A Statistical Learning Approach for Feature-Aware Task-to-Core Allocation in Heterogeneous Platforms
This work addresses energy efficiency and thermal management in computing systems, offering incremental improvements through statistical feature selection for task allocation.
The paper tackles the problem of optimizing task-to-core allocation in heterogeneous multi-core platforms to reduce power consumption without degrading user experience, achieving up to 10% lower energy consumption and 5°C lower core temperature compared to random selection, along with a 61.6% reduction in mean square error for thermal prediction.
Optimizing task-to-core allocation can substantially reduce power consumption in multi-core platforms without degrading user experience. However, many existing approaches overlook critical factors such as parallelism, compute intensity, and heterogeneous core types. In this paper, we introduce a statistical learning approach for feature selection that identifies the most influential features - such as core type, speed, temperature, and application-level parallelism or memory intensity - for accurate environment modeling and efficient energy optimization.
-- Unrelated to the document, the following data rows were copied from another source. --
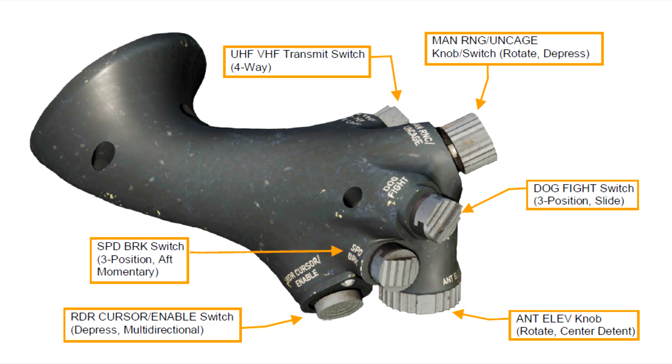And finally, we have the radar cursor with the enable switch, which allows you to slew the cursor on the MFD that is currently SOI.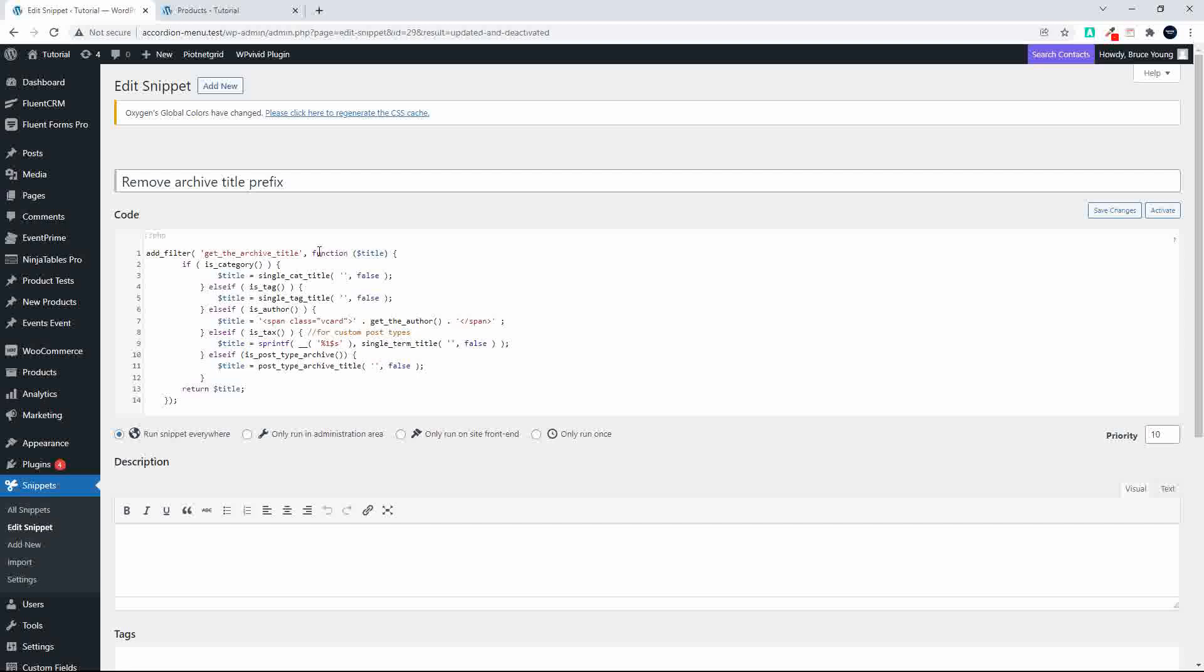What the function does is check to see if we're in the category, a tag, the author page, taxonomy page, or post type archive. Then what it does is replace that title with no content between the colons, which basically removes that prefix, and you can see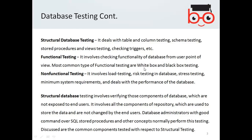White box testing means you look at every internal component one by one — testing the internal units of a database in detail. Black box testing means you are testing the system as a whole without looking into individual components — you simply check whether the overall system is working or not. Non-functional testing, such as load and stress testing, is largely automated.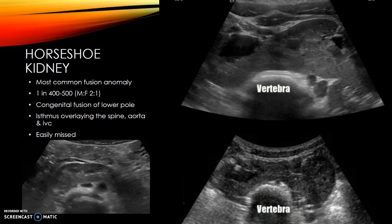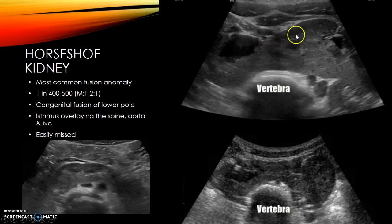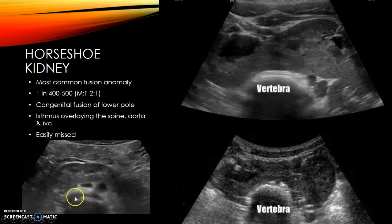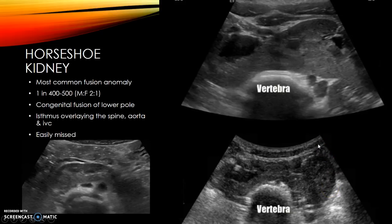Horseshoe kidney is one of the most common fusion anomalies, seen in 1 in 400 to 500 births and more common in males. It's a congenital fusion of the lower poles, usually with an isthmus overlying the spine, aorta, and IVC. On imaging you can see the isthmus with the left and right kidneys on either side and their respective renal pelvises. These are easily missed — if you're having trouble getting a nice rounded lower pole view, angle inferiorly to see if the kidney crosses over and fuses with the other.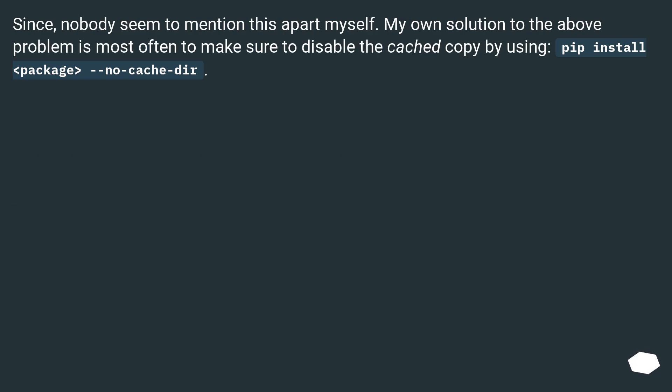Nobody seemed to mention this. My own solution to the above problem is most often to make sure to disable the cache by using pip install package --no-cache-dir.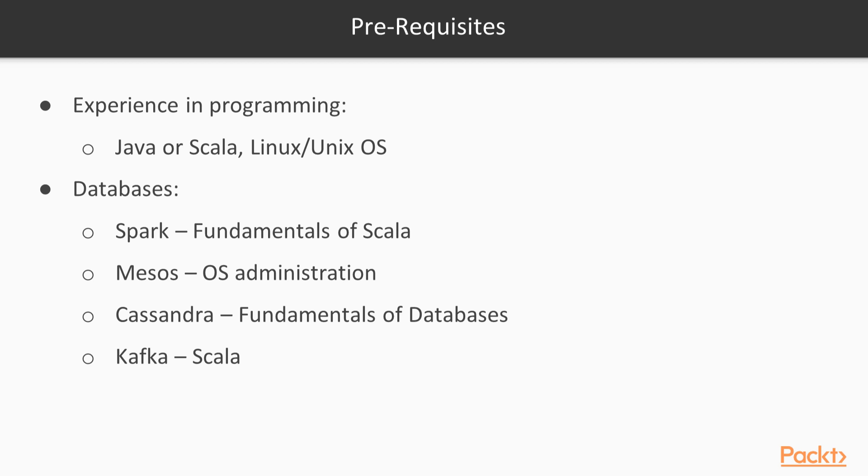For Cassandra, the fundamentals of databases. Also for Kafka, the basic knowledge about Scala.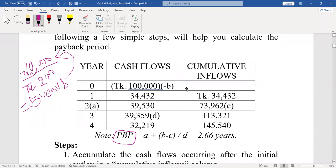The payback period formula is: A plus (B minus C) divided by D. We are given information about a project: if you invest Taka one lakh, you will get in the first year Taka 34,432; second year Taka 39,530; third year Taka 39,359; and fourth year Taka 32,219.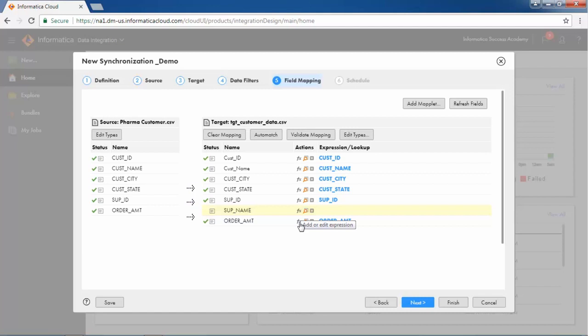Additionally, an expression to a certain field and a lookup to a different database object can be included.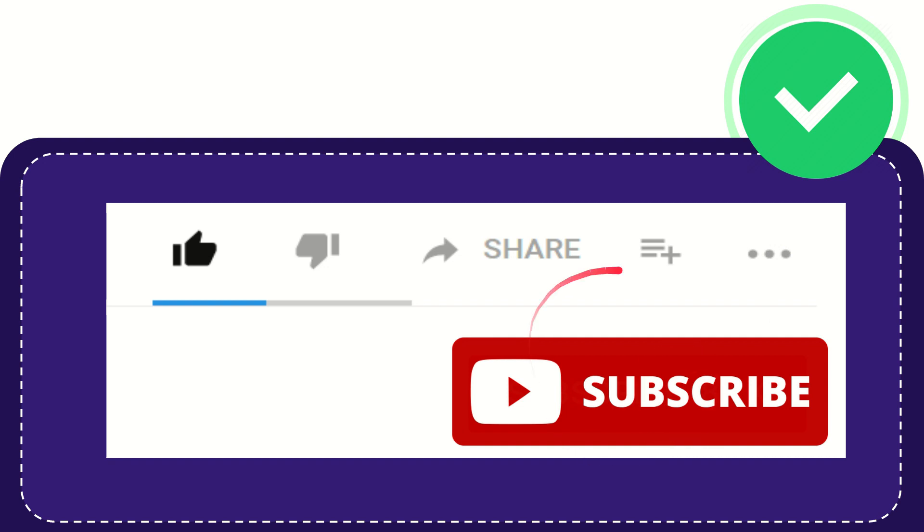And yeah don't forget to subscribe. I think that's all of it. Thank you so much for watching this video and see you again in another video. Bye bye, see you again.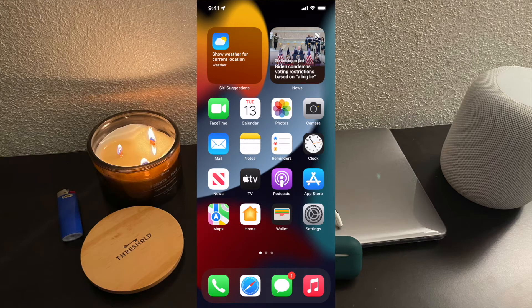Hello guys, welcome back to my YouTube channel. Today I'm going to be showing you a how-to for Apple Music lossless audio, Apple Music Dolby Atmos, and also Apple's spatial audio.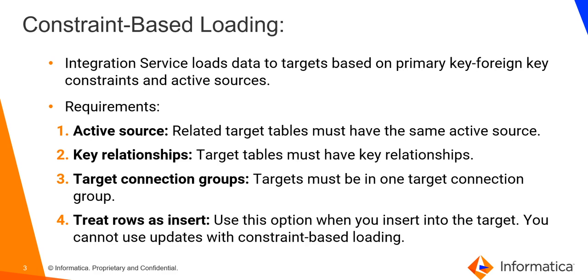Third is target connection groups. Integration Service enforces Constraint-Based Loading for targets in the same target connection groups.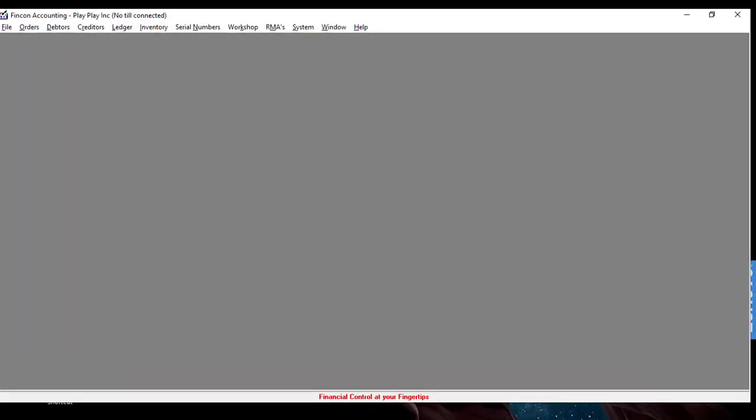And that's how you import the bank deposits. Thank you for watching and happy accounting.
Our experiments, conducted with state-of-the-art Linux governors and thermal modeling techniques, show that correlation-aware task-to-core allocation lowers energy consumption by up to 10% and reduces core temperature by up to 5 degrees Celsius compared to random core selection. Furthermore, our compressed, bootstrapped regression model improves thermal prediction accuracy by 6% while cutting model parameters by 16%, yielding an overall mean square error reduction of 61.6% relative to existing approaches. We provided results based on superscalar Intel Core i7 12th Gen processors with 14 cores, but validated our method across a diverse set of hardware platforms and effectively balanced performance, power, and thermal demands through statistical feature evaluation.